I came across unexpected result. And I do not understand why this happens when I use collections.Counter
I use python 3.8
from collections import Counter
counter = Counter()
counter["تمباکو"] = 1
print(counter.most_common())
Output:
[('تمباکو', 1)]
According to the documentation it should returns (keywords, count) pair
When I try to write to csv the output of counter.most_common() it also changes the order of the data:
writer = csv.writer(f)
writer.writerows(counter.most_common())
it outputs in rows pairs (count, keyword)
but when you run:
counter.most_common()[0][0]
it will output:
'تمباکو'
and it looks like everything is fine, because keywords is first.
Something is wrong and I do not understand it.

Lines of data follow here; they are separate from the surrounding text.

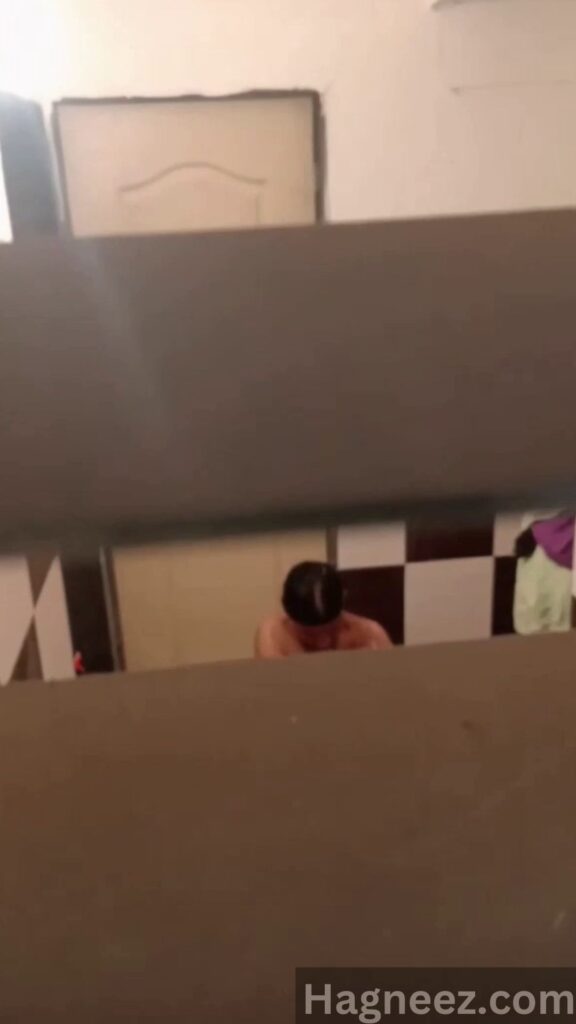 neighbour bhabhi hidden cam bathing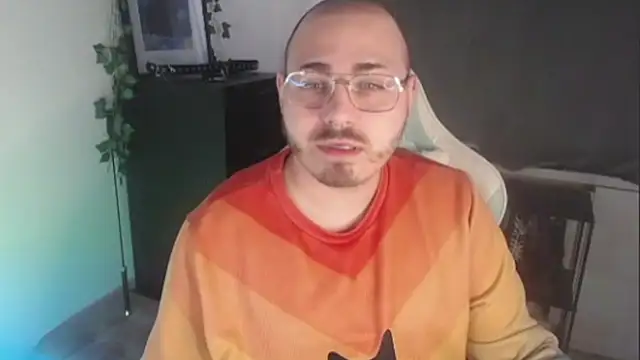 Snapshot of FabianKinky chatting on 14, 9, 2025 FabianKinky online show from 14, 9, 2025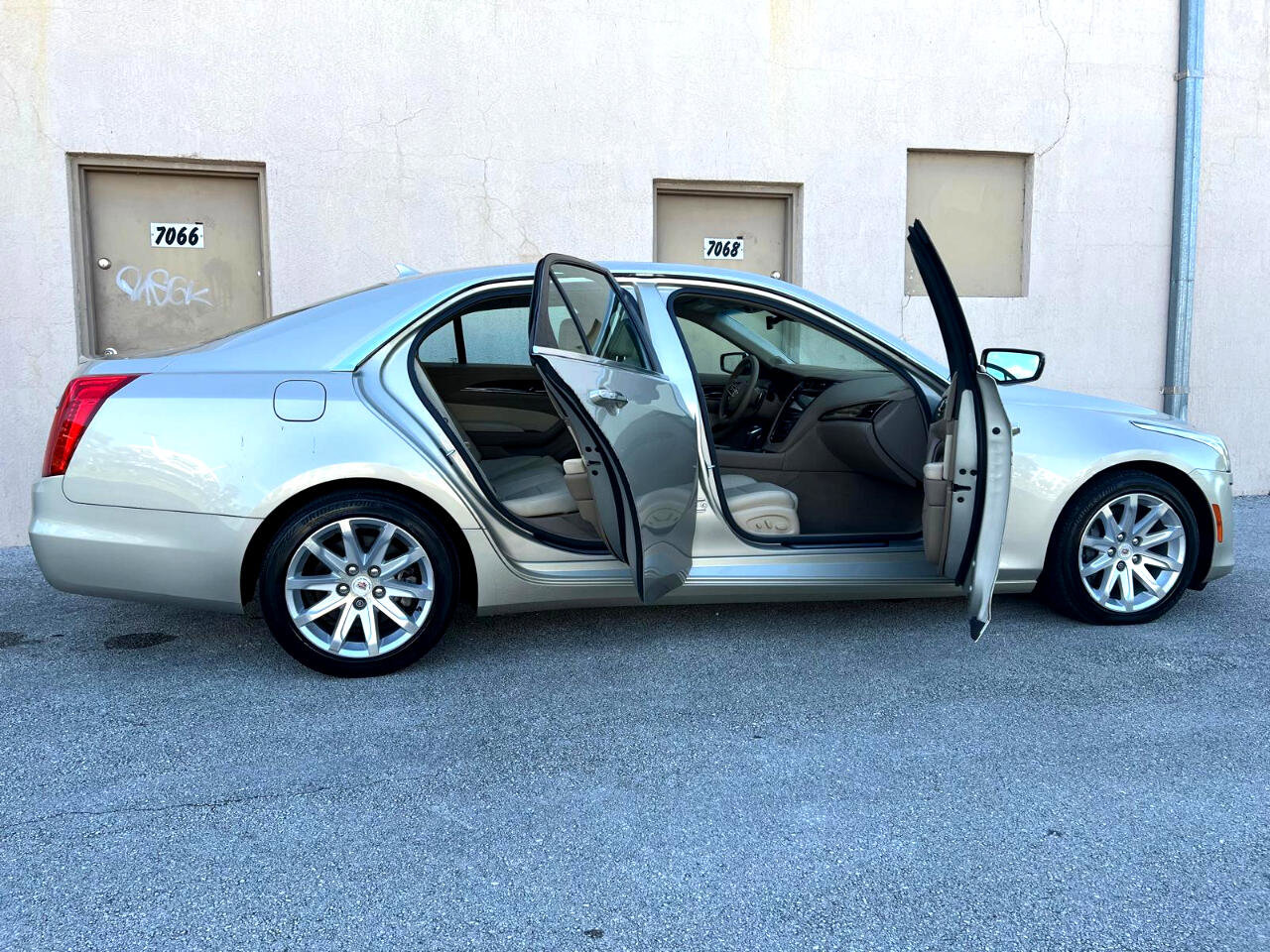 Used 2014 Cadillac CTS Luxury image 19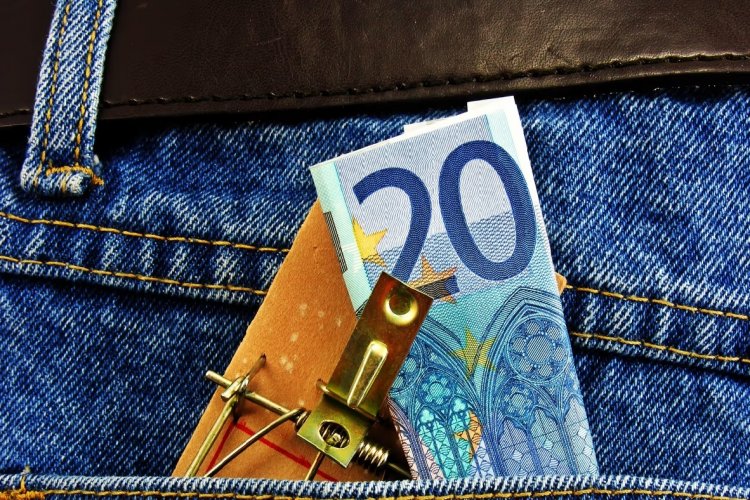 Taxation & Taxes: Έξαρση φοροδιαφυγής και “μαύρου χρήματος” αποκαλύπτει η ΑΑΔΕ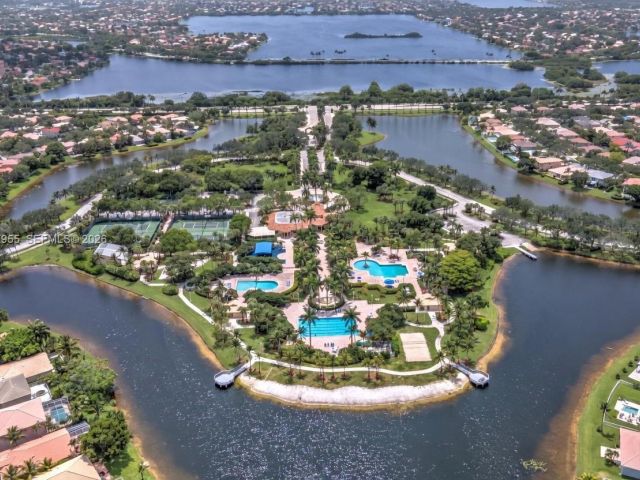 3-bedroom home for rent in Pembroke Pines - 858 NW 170th Ter 858 - MondialRealty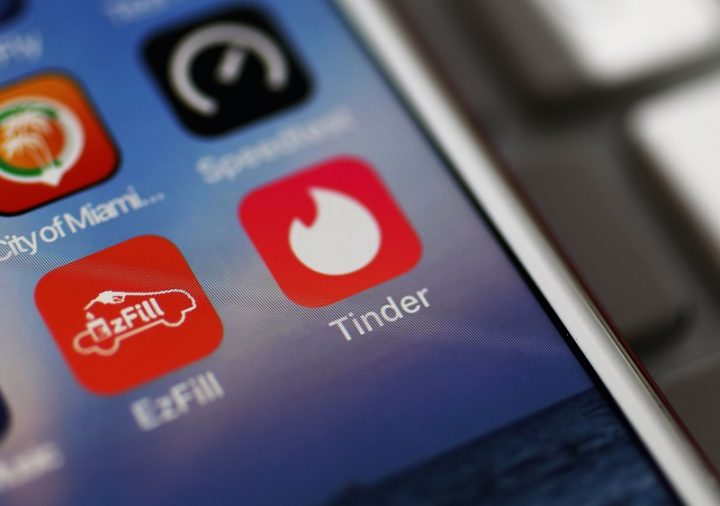 Aplicaciones Tinder y Grindr acusadas de vender datos personales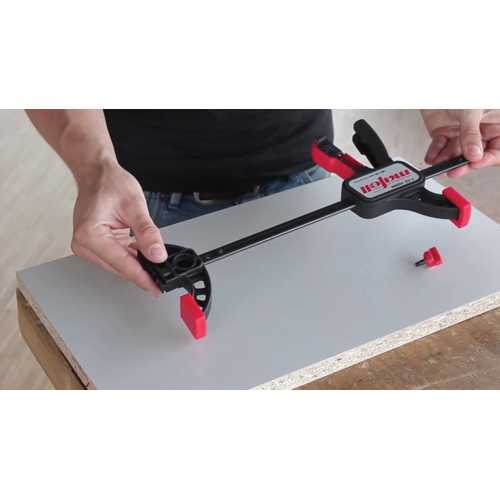 PAIRE DE SERRE-JOINTS À POMPE POUR RAIL DE GUIDAGE MAFELL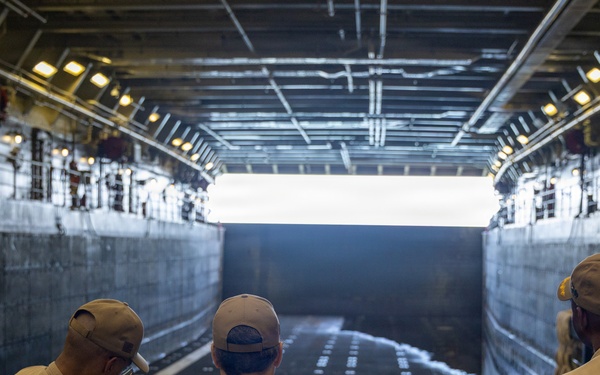 LCF-24: John M. Barrett Tours USS Fort Lauderdale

CodePudding user response:
To elaborate on my comment:
It's not Python, it's your input.
Here's a synthetic example that has a string including U 202E RIGHT-TO-LEFT OVERRIDE (which, humorously, affects the rendering on that linked page too).

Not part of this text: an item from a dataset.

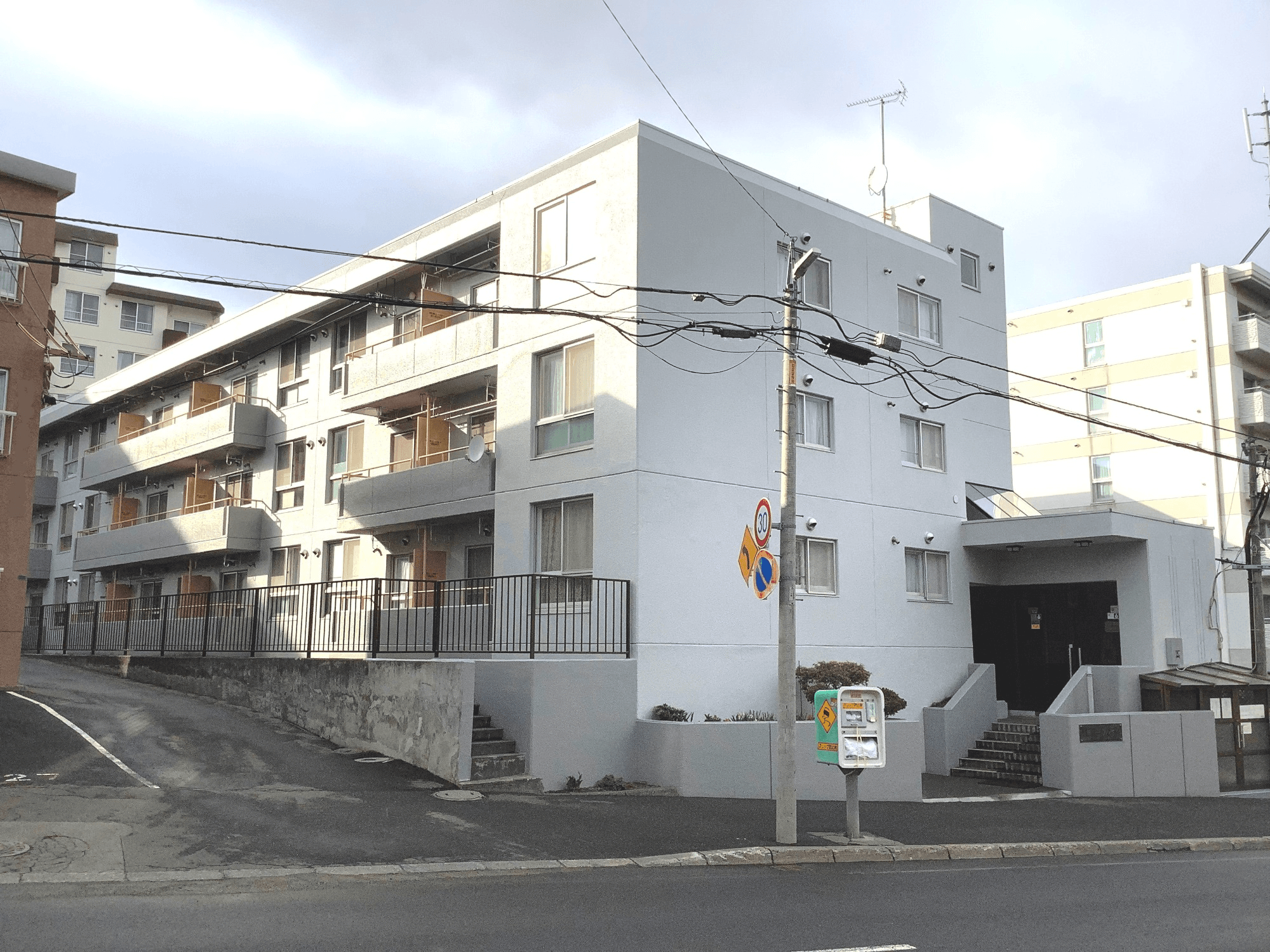 post-image, 20250520126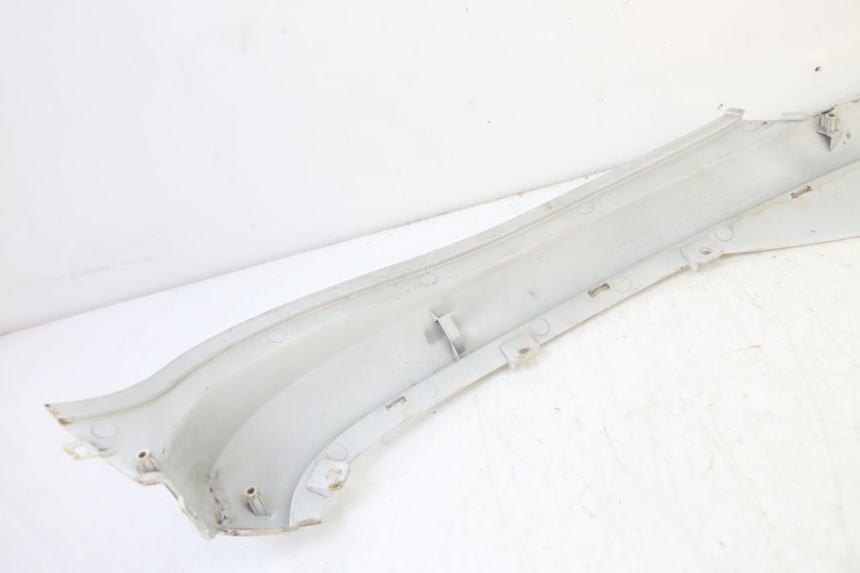 photo de RIGHT SIDE UNDER SEAT COVER SYM FIDDLE 3 III 125 (2014 - 2020) - Fixing points details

from collections import Counter
s = "\u202Ehello"
c = Counter()
c[s] = 1
for word, count in c.most_common():
print(word, count)
When I run this, my terminal shows
hello 1
since the 202E character overrides rendering order.
If I remove the 202E character, I get
hello 1
as expected.
A way to print strings that have such override characters in a "de-fanged" way is to use repr()
(with its own caveats, of course):
for word, count in c.most_common():
print(repr(word), count)
prints out
'\u202ehello' 1
since the offending control character is escaped.